(Data provided Opens)

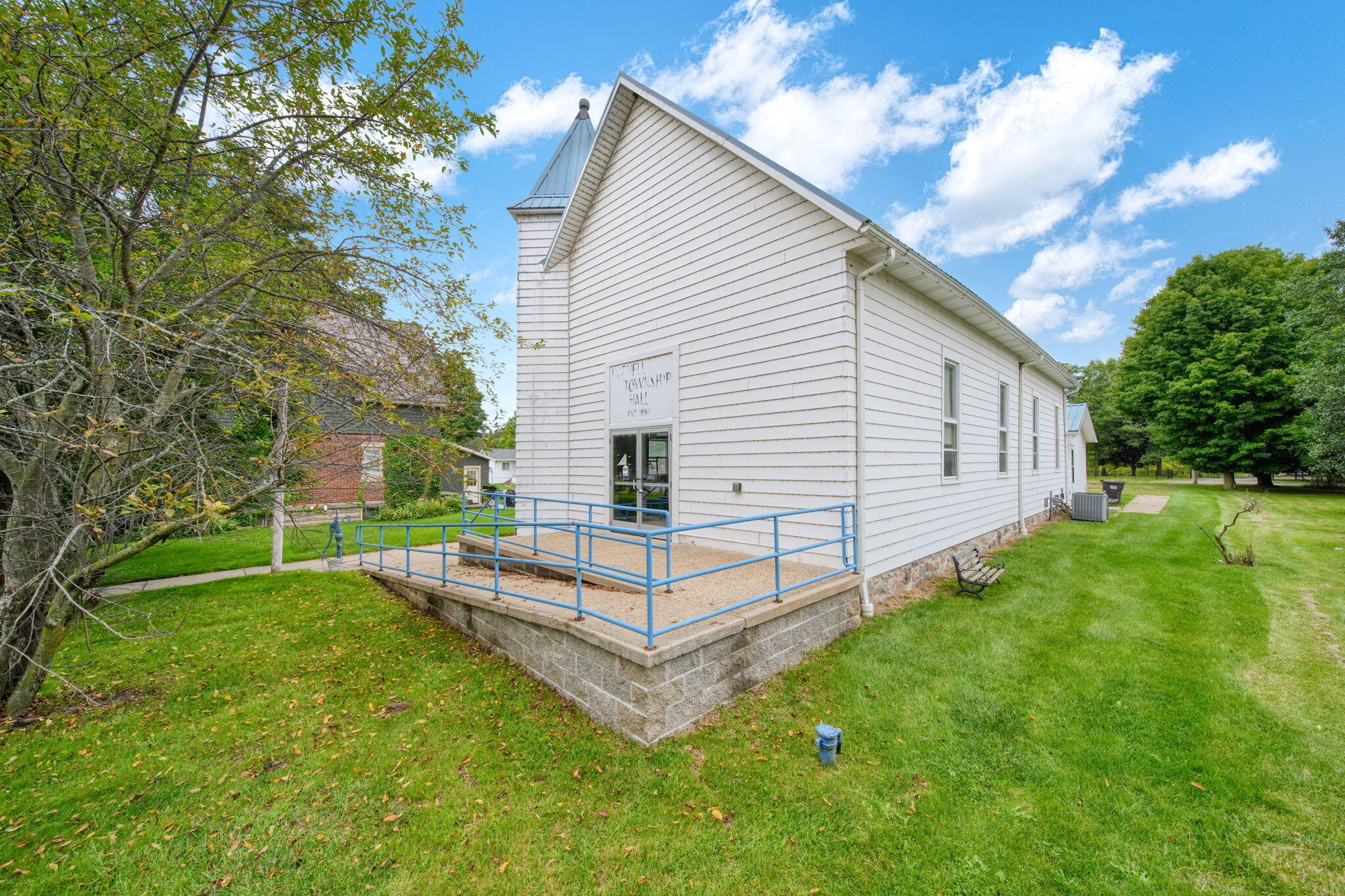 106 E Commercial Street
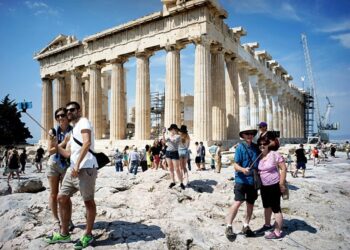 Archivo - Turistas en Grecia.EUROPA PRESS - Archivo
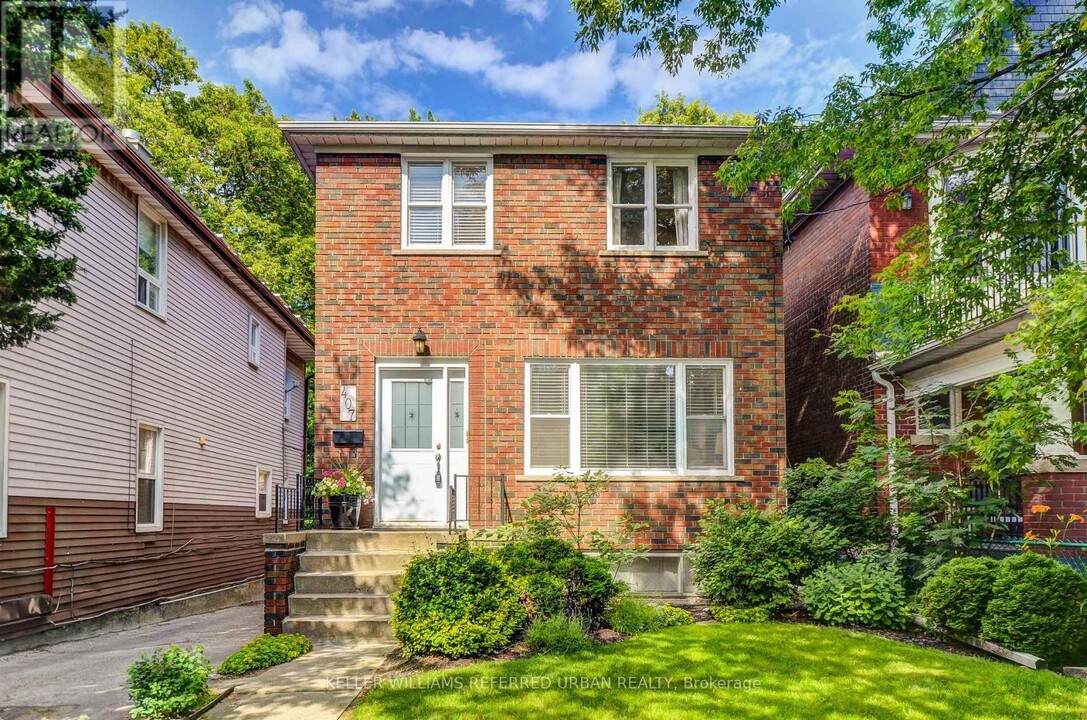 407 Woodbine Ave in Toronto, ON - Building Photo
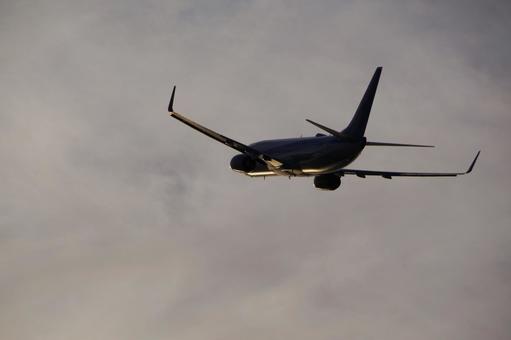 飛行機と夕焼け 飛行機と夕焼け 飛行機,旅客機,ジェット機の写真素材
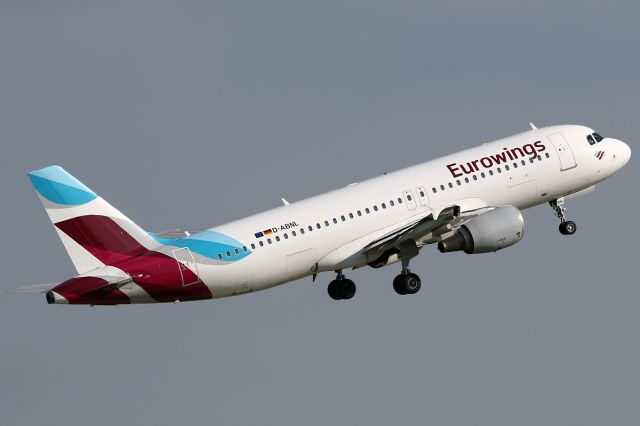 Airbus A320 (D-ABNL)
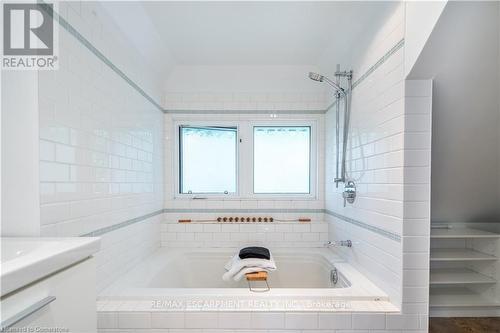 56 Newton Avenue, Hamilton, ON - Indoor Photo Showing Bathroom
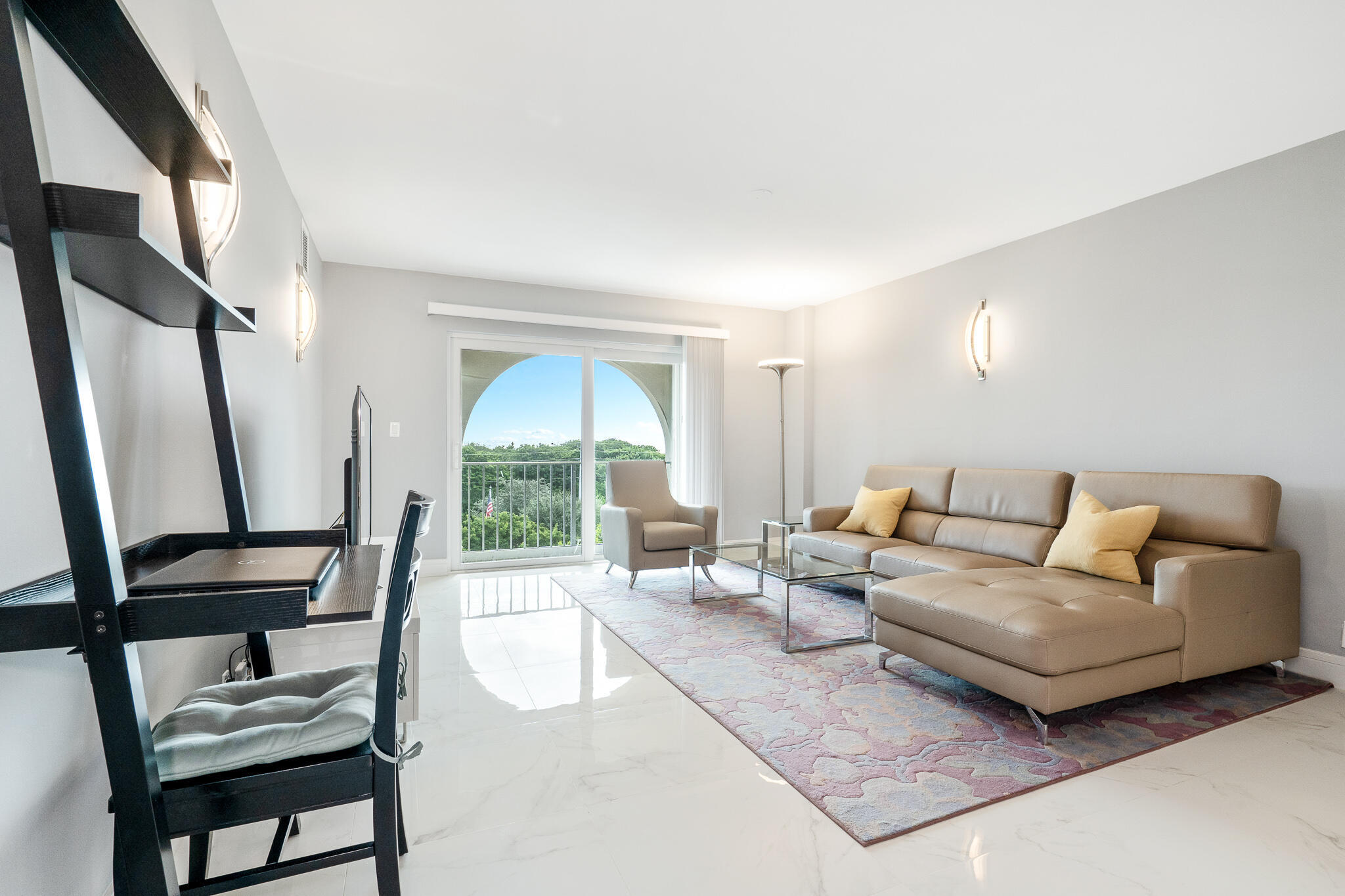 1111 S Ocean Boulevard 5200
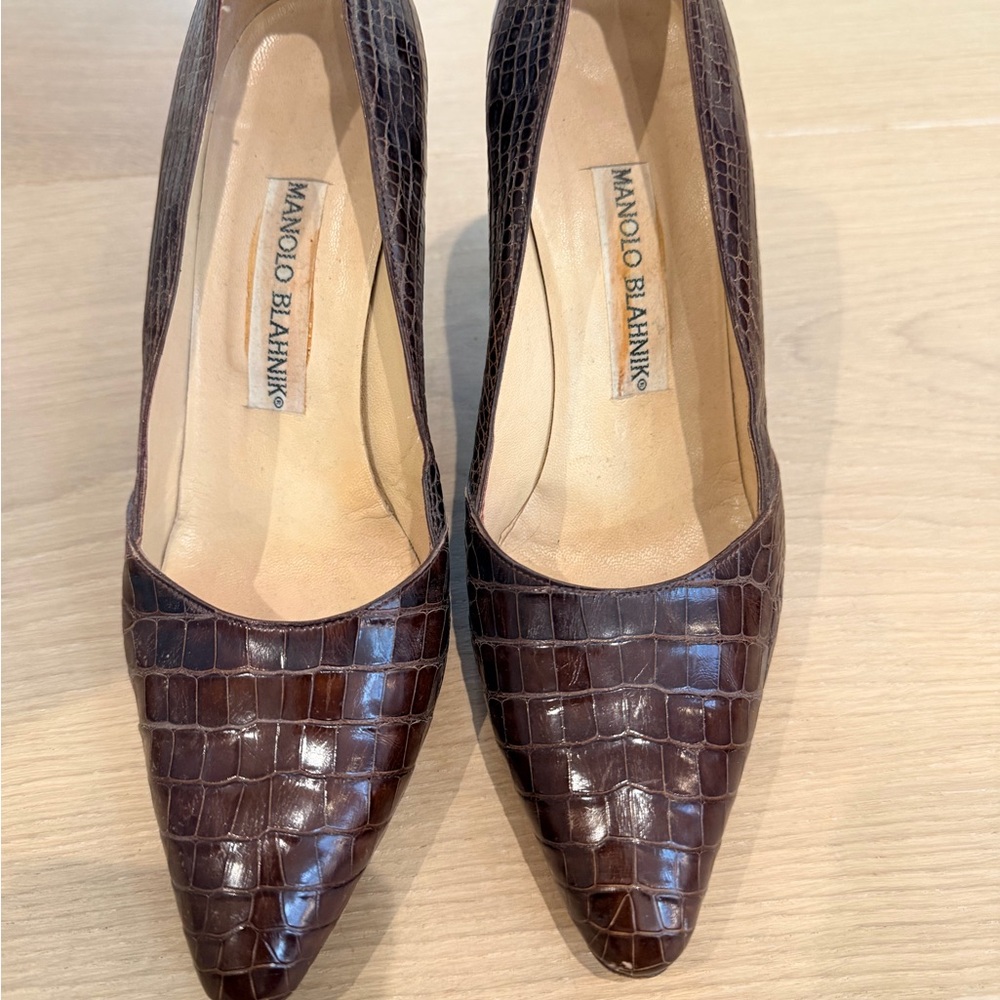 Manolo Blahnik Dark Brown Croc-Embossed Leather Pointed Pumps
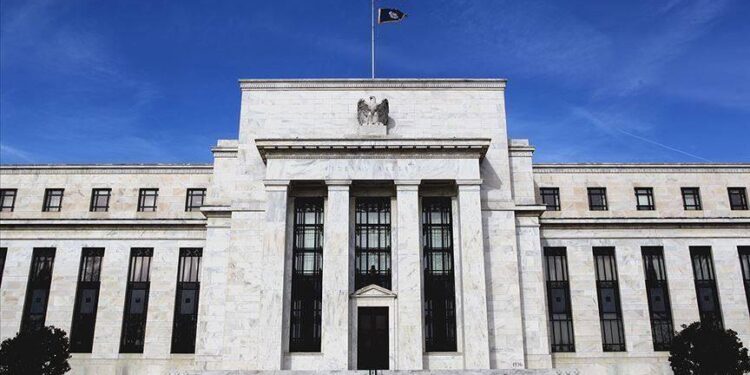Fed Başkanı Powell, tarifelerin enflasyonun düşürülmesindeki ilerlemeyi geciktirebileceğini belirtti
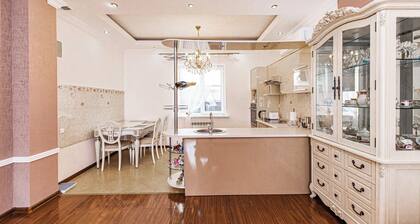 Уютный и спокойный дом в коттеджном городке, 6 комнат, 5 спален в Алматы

(Data provided Closes)

Task to carry out: Print the data above verbatim from the first line through the line holding "1111 S Ocean Boulevard 5200", leaving every picture out.

Final answer:
 106 E Commercial Street
 Archivo - Turistas en Grecia.EUROPA PRESS - Archivo
 407 Woodbine Ave in Toronto, ON - Building Photo
 飛行機と夕焼け 飛行機と夕焼け 飛行機,旅客機,ジェット機の写真素材
 Airbus A320 (D-ABNL)
 56 Newton Avenue, Hamilton, ON - Indoor Photo Showing Bathroom
 1111 S Ocean Boulevard 5200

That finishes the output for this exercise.